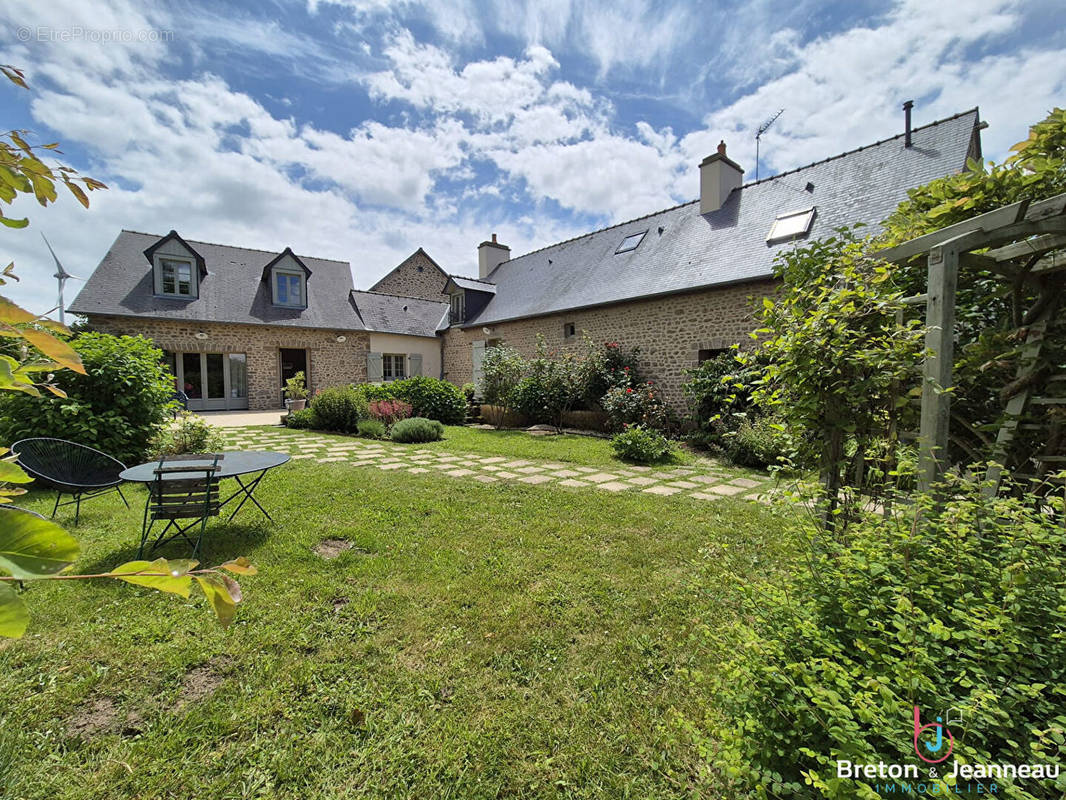 Maison à LASSAY-LES-CHATEAUX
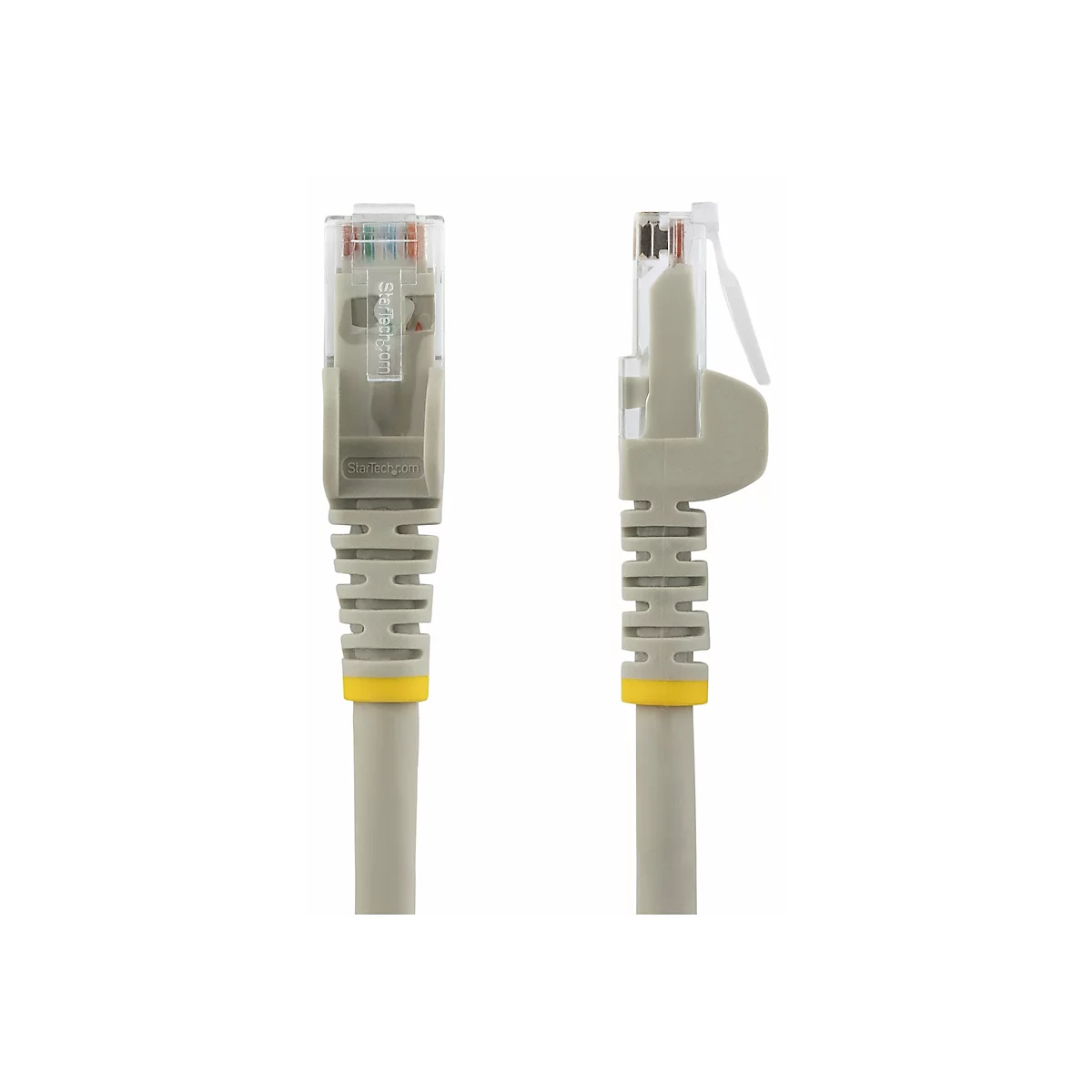 Zwei graue Netzwerkkabel-Stecker mit gelben Akzenten, vor weißem Hintergrund. Beide sind aus unterschiedlichen Perspektiven aufgenommen.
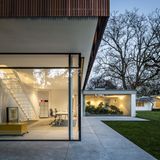 2. Preis: Haus Corneille in Köln  Ein Bungalow von 1959, der funktional und klug erweitert wurde, wie die Jury anerkennt: "Alt und Neu formen ein prägnantes Ensemble, die Formensprache der Moderne wird dabei aufgenommen und in die Zukunft weitergeführt."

= Required work =
Repeat the listing above from its first line through the line that contains "Zwei graue Netzwerkkabel-Stecker", both included, and nothing more. Drop the pictures.

= Response below =
 Maison à LASSAY-LES-CHATEAUX
 Zwei graue Netzwerkkabel-Stecker mit gelben Akzenten, vor weißem Hintergrund. Beide sind aus unterschiedlichen Perspektiven aufgenommen.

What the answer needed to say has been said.